▸ REQUIRED WORK: For this exercise, please return exactly the line containing "个人返乡社会实践调研报告" and each line after it through the end of the records, with no pictures included.

GIVEN RECORDS below:

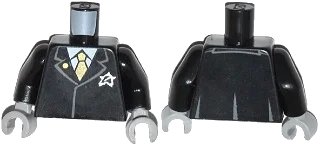 LEGO onderdeel Torso Agents Suit with Ultra Agents Logo and Gold Tie Pattern / Black Arms / Light Bluish Gray Hands (973pb1706c01)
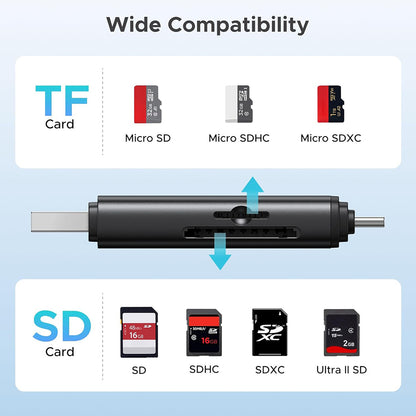 USB / USB-C Kartenleser UGREEN CM803 (65024), SD - microSD, Schwarz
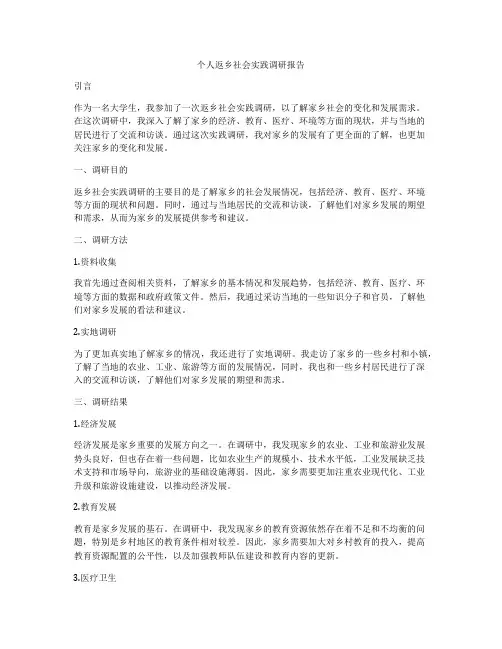 个人返乡社会实践调研报告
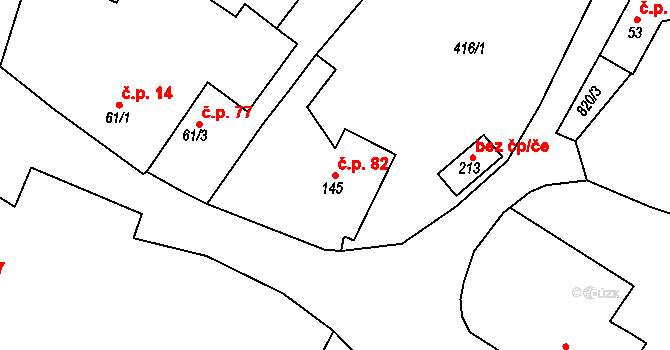 Velké Všelisy 82 na parcele st. 145 v KÚ Velké Všelisy, Katastrální mapa
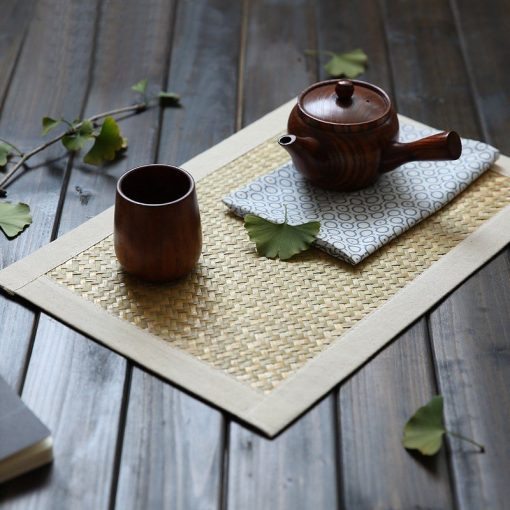 Table Mat Lót bàn ăn cói chữ nhật - lót bàn ăn mây tre - The bamboo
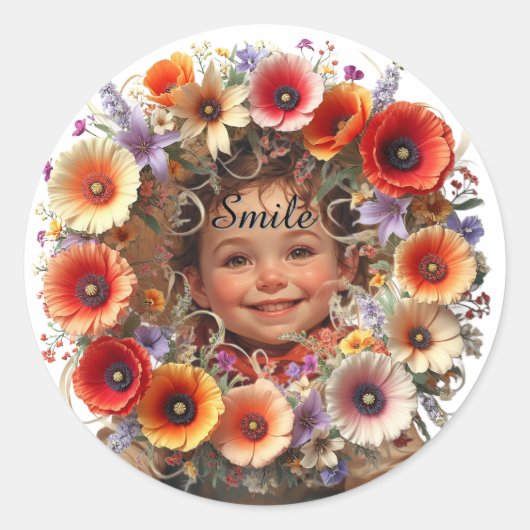 Levendige bloemenslingers ronde sticker (Voorkant)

End of GIVEN RECORDS.

▸ TASK OUTPUT:
 个人返乡社会实践调研报告
 Velké Všelisy 82 na parcele st. 145 v KÚ Velké Všelisy, Katastrální mapa
 Table Mat Lót bàn ăn cói chữ nhật - lót bàn ăn mây tre - The bamboo
 Levendige bloemenslingers ronde sticker (Voorkant)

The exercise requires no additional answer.